See? Pretty and practical. I got the heart print bias binding from Remnant Kings - it was the first time I'd been there in years and they had so much good stuff I had to really restrain myself from planning all the craft projects.
My cousin is almost fifteen and likes pretty much the opposite of everything I do, style-wise. (Our opinions on various You-Tubers are definitely corresponding though.) Still, I couldn't resist making her something and figured a simple scarf would be safe enough. This one took 300g of chunky yarn, a whole bunch of garter stitch and an old furry cowl, cut up and refashioned into giant pompoms. I think it worked out ok, especially when I saw an identical one in the window of Next a few weeks ago. Hey, I'm trendy after all! It's debatable whether she'd think Next was the definition of what's in style right now, but she did a good job of looking pleased with it all the same.

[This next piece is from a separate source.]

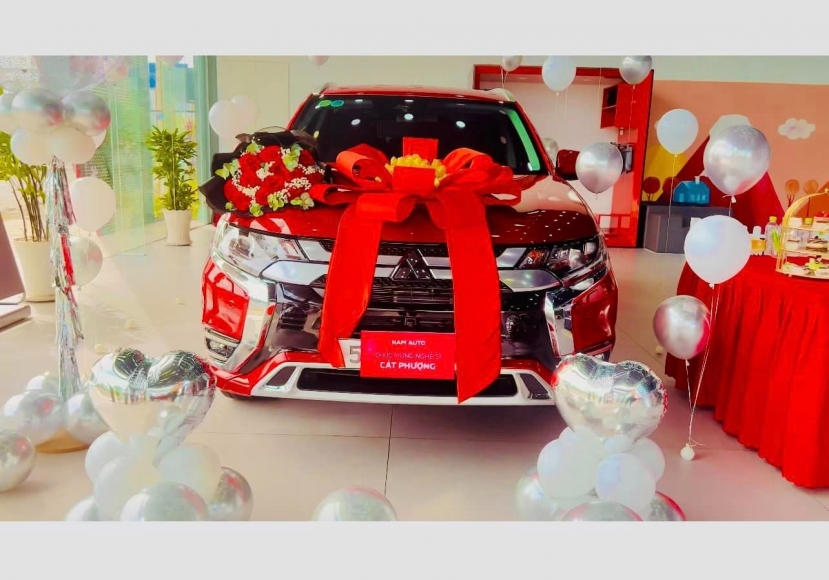 Xe mới của Cát Phượng. Ảnh: FBNV Xe mới của Cát Phượng. Ảnh: FBNV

I'm glad I managed to make some time for handmade gifts this year. I've been trying to buy locally and/or secondhand more recently but when it comes to gifts, it's hard to say 'I'm not getting you something you asked for because I don't want to give that retailer money.' I try to stick to making useful things that suit the recipient's style, but it can be difficult to predict how much that person will like this thing, so really I just went with what I thought would work and hoped for the best. The only thing that needs work with my method is carving out more time to make even better gifts next year...
Who else made handmade pressies this year? Or get any good ones?